Millennials are now officially the largest and most politically powerful generation in American history. Population data released by the U.S. Census Bureau reveals that in 2015, millennials—those born between 1981 and 1997—overtook baby boomers as the most populous generational segment in the country’s history.
And, because they make up more than 30 percent of all eligible voters, this generation will have the majority say in who wins this year’s presidential election.
There’s only one problem, though, for politicians attempting to use Between Two Ferns appearances and BuzzFeed interviews to woo younger voters: Most millennials simply aren’t politically active.
The Tufts University civic engagement center, CIRCLE, reports that in the 2014 midterm elections, turnout among millennial voters was the lowest ever recorded. Less than 20 percent of 18- to 29-year-olds voted, compared with 26.6 percent in past midterm elections.
One reason for this may be millennials’ negative views of government. In a poll from Harvard University’s Institute of Politics, only 36 percent of respondents said they trusted the president to do the right thing all or most of the time.
But elections are about more than individual leaders. For Hunter Baker, a professor of political science at Union University in Jackson, Tennessee, Christian millennials’ passion for cultural change should drive them to vote.
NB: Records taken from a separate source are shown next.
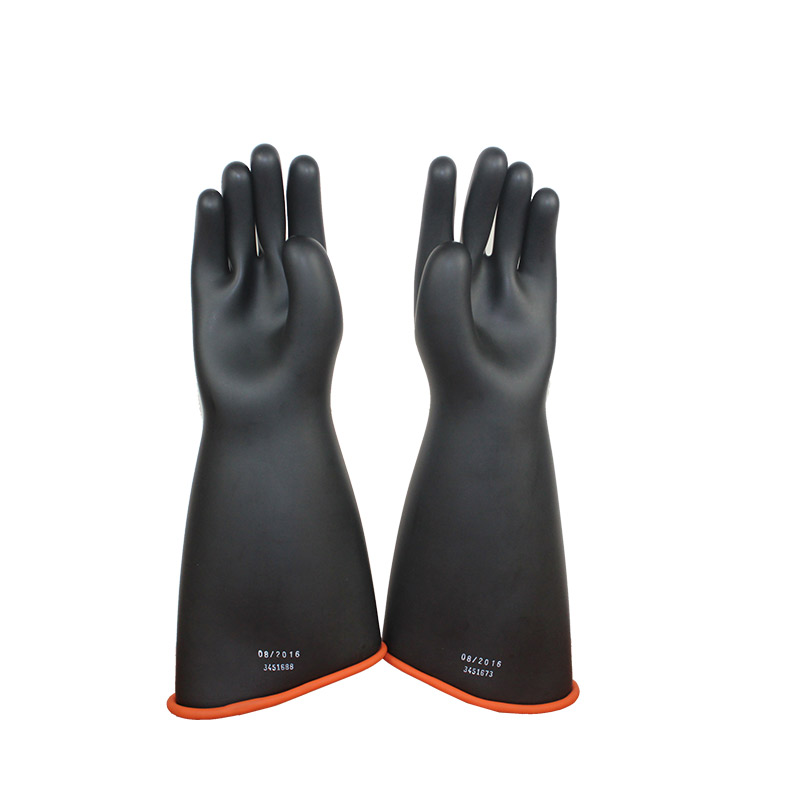 2級絕緣手套斜邊黑橘款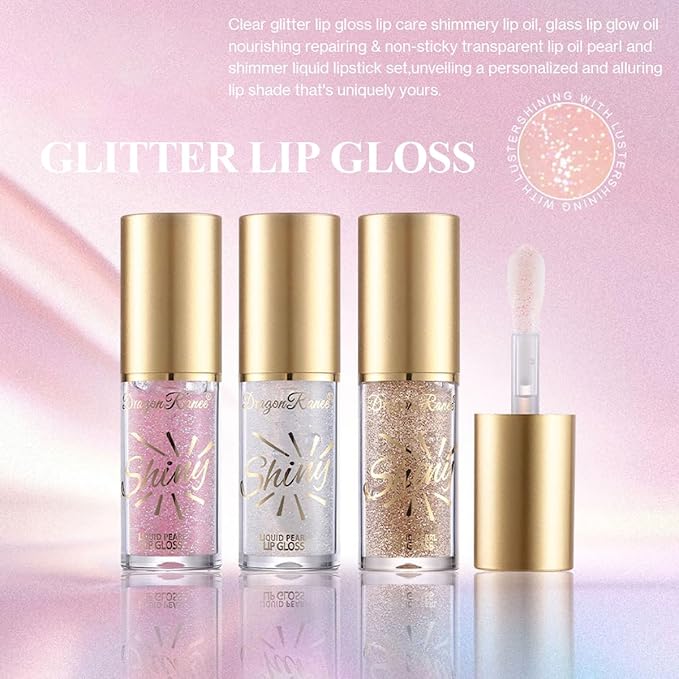 3Pcs Glitter Lip Oil,Moisturizing Lip Glow Oil Big Brush Head Long Lasting Hydrating Shimmery Transparent,Glass Lip Glow Oil Non-sticky Shiny Primer Plumping Lip Gloss
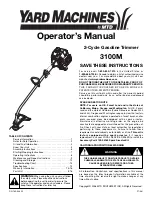 Предварительный просмотр 1 страницы Yard Machines 3100M Operator'S Manual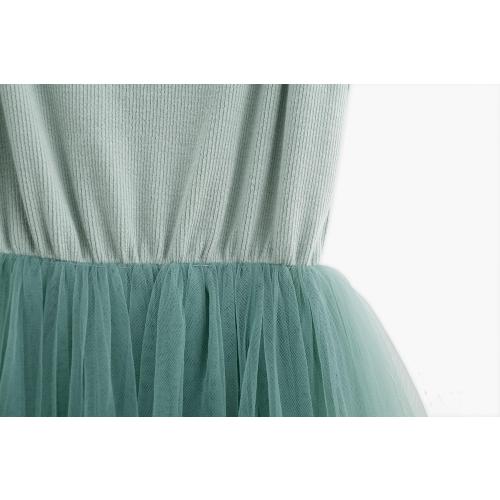 Green Size 110 Toddler Tutu Dress Baby Girls Tulle Sleeveless Princess Party Sundress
For Christians, Baker says, political participation can be especially important as a way to promote thoughtful, godly viewpoints on things like life issues, religious liberty and human dignity.
“[Evangelicals] have to engage fully with the broader society, including with regard to politics,” Baker says. “Our politics should reflect godly priorities.”
With the U.S. presidential elections coming up, millennials should be the demographic that decides the next leader of the free world—that is, if they actually show up to the polls.